Every failed project has a post-mortem. Most of them blame process, tooling, or team capacity. A few acknowledge poor requirements or changing scope. Almost none name the real culprit: the decisions, and non-decisions, made above the project level.
Projects don't fail in isolation. They fail because of conditions that leaders created, tolerated, or failed to change in time.
Projects grow because someone keeps saying yes. Usually that someone is a senior leader trying to keep stakeholders happy, avoid conflict, or demonstrate responsiveness. Each addition seems small. Collectively, they extend timelines, strain teams, and dilute the original purpose.
The ability to hold scope to say "not in this release" and mean it, is a leadership skill. It's not a project manager's job to fight senior stakeholders for boundaries the project manager didn't set.
Accountability is often assigned to whoever is most available, most junior, or most convenient. Real accountability means the person answerable for the outcome has the authority to make the decisions that shape it. When those are different people, when accountability and authority are separated, the project will fail.
If the person "accountable" has to escalate every material decision, they're not accountable. They're a reporting mechanism. That distinction matters.
"We'll know success when we see it" is a recipe for disappointment. Leadership teams that avoid defining success are usually avoiding the hard conversation about what success actually requires, the resource commitment, the trade-offs, the things they'd have to stop doing.

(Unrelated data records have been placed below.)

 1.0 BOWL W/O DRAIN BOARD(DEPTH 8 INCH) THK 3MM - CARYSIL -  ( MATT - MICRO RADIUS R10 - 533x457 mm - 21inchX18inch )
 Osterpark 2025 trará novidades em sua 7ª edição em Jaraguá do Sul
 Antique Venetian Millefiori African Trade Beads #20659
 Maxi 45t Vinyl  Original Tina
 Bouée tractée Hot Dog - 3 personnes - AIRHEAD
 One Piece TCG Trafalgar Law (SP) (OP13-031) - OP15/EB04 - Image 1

Projects that run without a clear target satisfy nobody at the end. Everyone had a different picture. None of those pictures were discussed at the start.
Blocked projects stay blocked because teams can't escalate effectively or don't feel safe doing so. Leaders who are unavailable, who shoot the messenger, or who deprioritise internal escalations create the conditions for silent failure.

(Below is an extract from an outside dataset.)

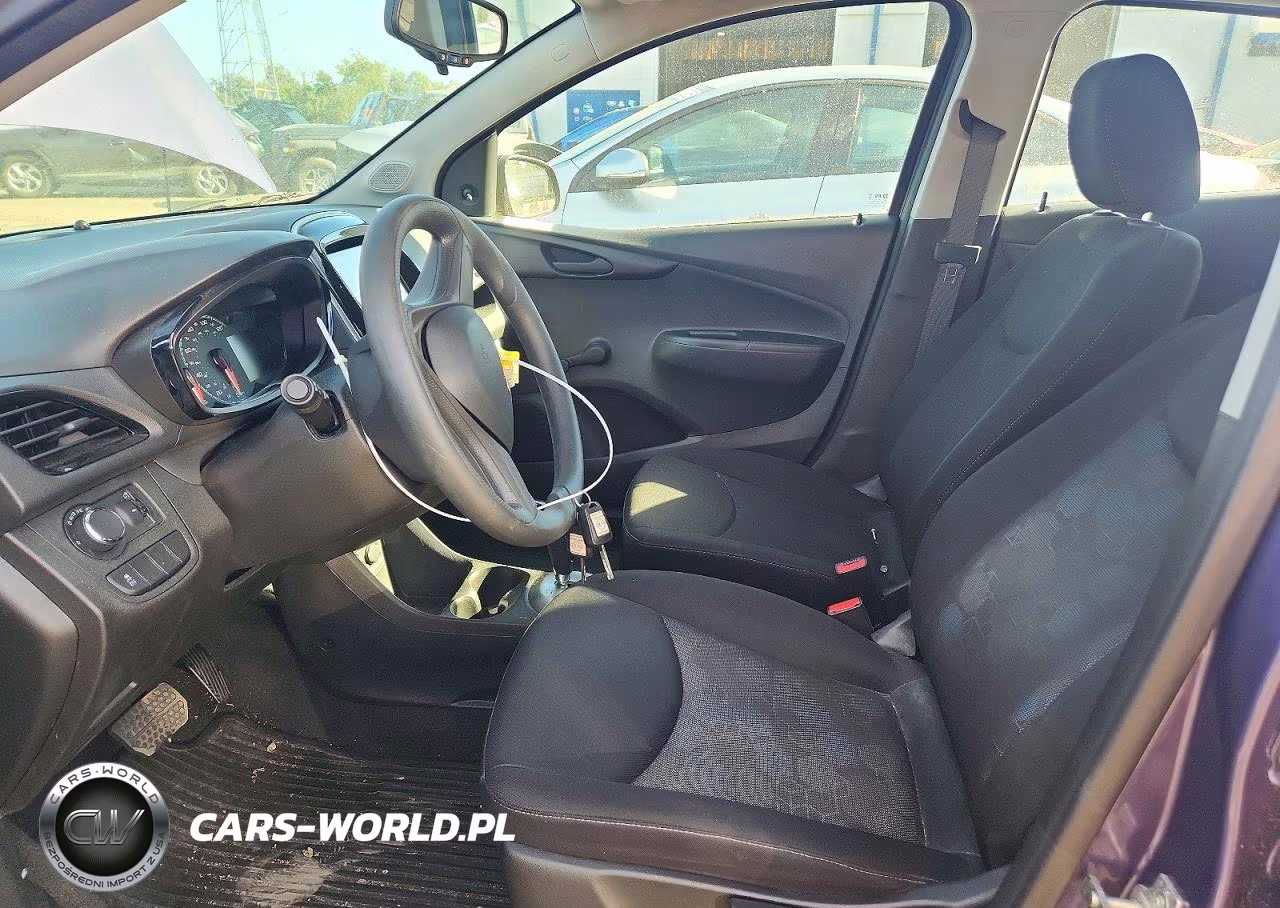 2017 Chevrolet Spark Ls VIN:KL8CB6SA2HC718524 - 7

By the time a problem surfaces through the normal review cycle, weeks of recoverable time have been lost. The faster escalations work, the more options you have.

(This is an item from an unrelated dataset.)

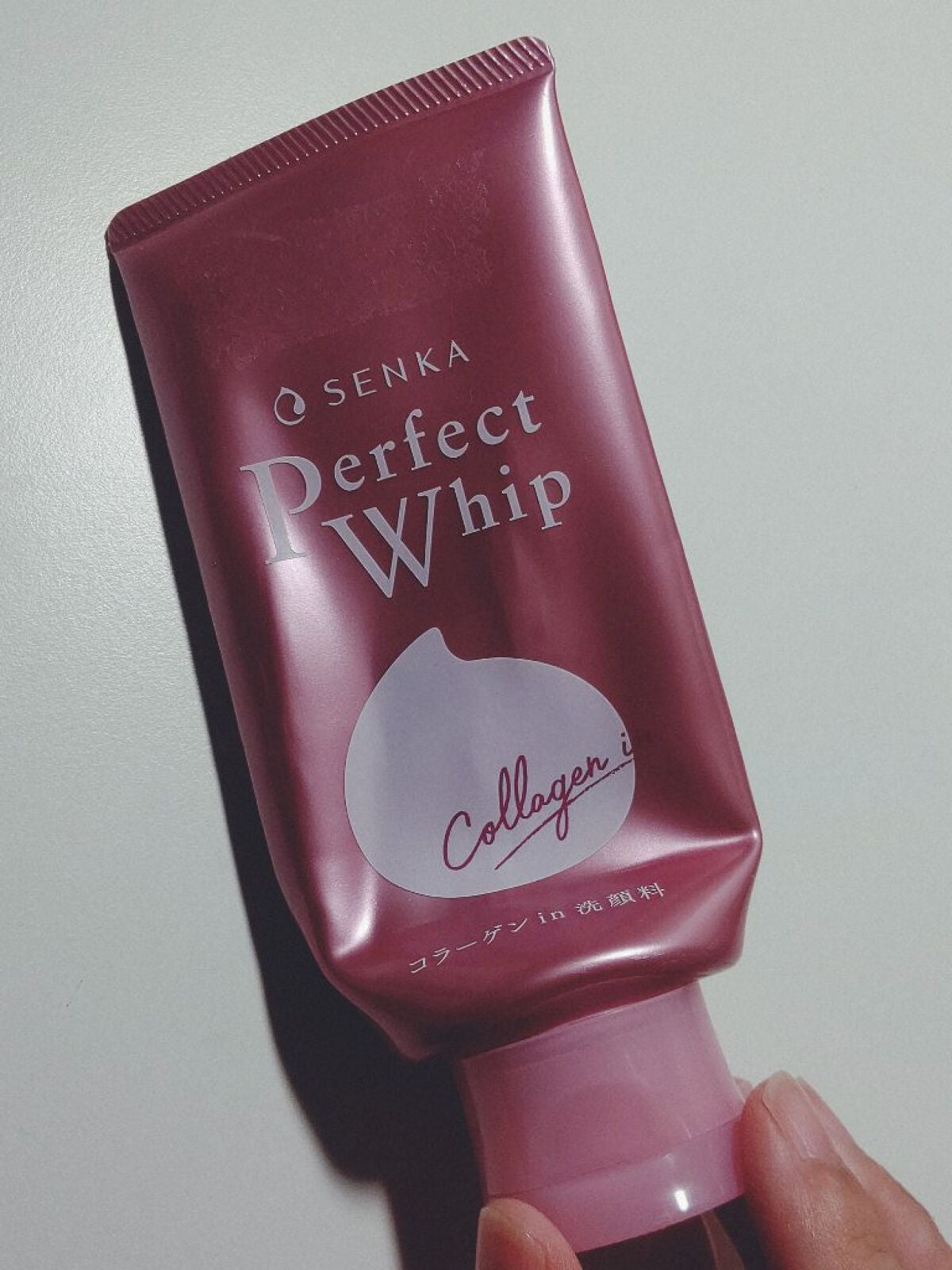 パーフェクトホイップ コラーゲンin/SENKA(専科)/洗顔フォームを使ったクチコミ(1枚目)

Sunk cost logic keeps dying projects alive. The longer they run, the more political capital is tied to them. Leaders who can't make the call to stop waste resources, destroy team morale, and deny the organisation the chance to redirect effort and learn faster.
Calling a project early is a decision, not a failure. The failure is continuing it past the point where honest assessment would have stopped it.
Most post-mortems produce a slide deck and a list of recommendations. Months later, the same patterns appear in the next project. Real post-mortems produce changes to process, accountability structures, or leadership behaviour, not just documentation of what went wrong.
If the post-mortem doesn't result in at least one decision that changes how leaders operate, it was a ceremony, not a review.
The things that most reliably lead to project failure, poor accountability, undefined success, no mechanism to stop, are all above the project level. Fixing them is not a project manager's job. It is a leadership job.
The best leaders I've worked with review their projects differently. They ask not just how the project is tracking but whether the conditions for success still exist. They examine their own decisions, not only the team's execution.
A project failing is an outcome. The causes are usually leadership decisions made weeks or months earlier, and the most useful question is always: what would we have had to do differently, and at what point?